Maybe the connections for zookeeper client aren't enough? I read that maybe the 60 default value in zookeeper for maxClientCnxns is too small for a context like AWS, but i'm not fully aware of the relationship between Giraph and Zookeeper for start changing default configuration values
Maybe i have to tune outOfCore configuration? Using giraph.maxNumberOfOpenRequests and giraph.waitForRequestsConfirmation=true like someone recommend here (http://mail-archives.apache.org/mod_mbox/giraph-user/201209.mbox/%3CCC775449.2C4B%25majakabiljo@fb.com%3E) ?
Should i tune the netty configuration?
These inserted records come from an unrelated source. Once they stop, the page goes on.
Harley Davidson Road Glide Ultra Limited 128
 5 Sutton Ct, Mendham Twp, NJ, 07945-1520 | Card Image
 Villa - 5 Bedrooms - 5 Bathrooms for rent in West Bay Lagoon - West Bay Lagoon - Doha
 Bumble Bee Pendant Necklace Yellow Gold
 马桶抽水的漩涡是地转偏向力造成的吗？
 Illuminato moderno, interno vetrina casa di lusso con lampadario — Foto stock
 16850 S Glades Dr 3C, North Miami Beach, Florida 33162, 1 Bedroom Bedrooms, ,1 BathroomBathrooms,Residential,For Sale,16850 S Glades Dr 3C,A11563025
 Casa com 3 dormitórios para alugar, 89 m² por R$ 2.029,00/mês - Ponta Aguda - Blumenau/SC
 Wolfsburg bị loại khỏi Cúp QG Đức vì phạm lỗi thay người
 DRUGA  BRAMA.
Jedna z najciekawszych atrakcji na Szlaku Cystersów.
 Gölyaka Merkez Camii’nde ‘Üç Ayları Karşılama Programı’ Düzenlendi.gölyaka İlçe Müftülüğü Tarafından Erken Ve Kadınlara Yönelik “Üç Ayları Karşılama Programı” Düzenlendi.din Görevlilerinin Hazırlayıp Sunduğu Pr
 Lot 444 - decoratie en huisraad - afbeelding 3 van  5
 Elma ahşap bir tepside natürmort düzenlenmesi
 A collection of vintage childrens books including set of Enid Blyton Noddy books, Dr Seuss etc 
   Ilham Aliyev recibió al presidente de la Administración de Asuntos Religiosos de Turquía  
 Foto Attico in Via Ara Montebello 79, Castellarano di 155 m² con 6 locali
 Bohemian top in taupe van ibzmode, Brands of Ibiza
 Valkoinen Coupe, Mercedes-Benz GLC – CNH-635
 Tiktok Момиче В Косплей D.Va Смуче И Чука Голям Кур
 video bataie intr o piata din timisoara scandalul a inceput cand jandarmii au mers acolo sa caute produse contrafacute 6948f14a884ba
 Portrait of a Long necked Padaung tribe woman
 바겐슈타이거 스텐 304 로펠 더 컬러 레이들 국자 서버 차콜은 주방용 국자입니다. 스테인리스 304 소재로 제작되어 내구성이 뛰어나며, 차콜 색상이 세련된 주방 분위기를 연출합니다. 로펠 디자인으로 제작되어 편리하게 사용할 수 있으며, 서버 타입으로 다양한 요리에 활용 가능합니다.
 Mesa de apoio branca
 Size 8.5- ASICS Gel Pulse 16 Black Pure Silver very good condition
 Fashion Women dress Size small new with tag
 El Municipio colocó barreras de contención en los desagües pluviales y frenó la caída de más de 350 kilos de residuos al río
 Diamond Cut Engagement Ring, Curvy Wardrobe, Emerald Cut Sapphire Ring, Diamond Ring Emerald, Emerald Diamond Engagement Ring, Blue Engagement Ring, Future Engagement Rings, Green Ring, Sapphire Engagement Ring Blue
I have the default configuration, but i believe that maybe using only 8 netty client and 8 server threads will be enough, since that i have only a few workers and maybe too much threads of netty are making the overhead that is doing that entire application get stuck
Using giraph.useBigDataIOForMessages=true didn't help me either, i know that each vertex is receiving 100 M or more messages and that property should be helpful, but didn't make any difference anyway

As you maybe are suspecting, i have too many hypothesis, that's why i'm seeking for help, so i can go in the right direction.

EDIT 1: Using giraph.maxNumberOfOpenRequests and giraph.waitForRequestsConfirmation=true didn't solve the problem

EDIT 2: I duplicated the netty threads, and assigned the double of the original size to netty buffers, and no change.

EDIT 3: I condensed the messages, 1000 into 1, and get a lot of less messages, but still, same final results.

Solution

I isolate the problem using 15 compute threads and 240 partitions.

I could observe that one partition and one thread was taking too long.

So i check the code, searching for something that could take that long. And i found it, i was concatenating strings using + instead of StringBuilder (i believed that the compiler switch the "+" for StringBuilder.append(), as someone suggested here). But this wasn't the case. The time decreases dramatically and the application finishs, finally.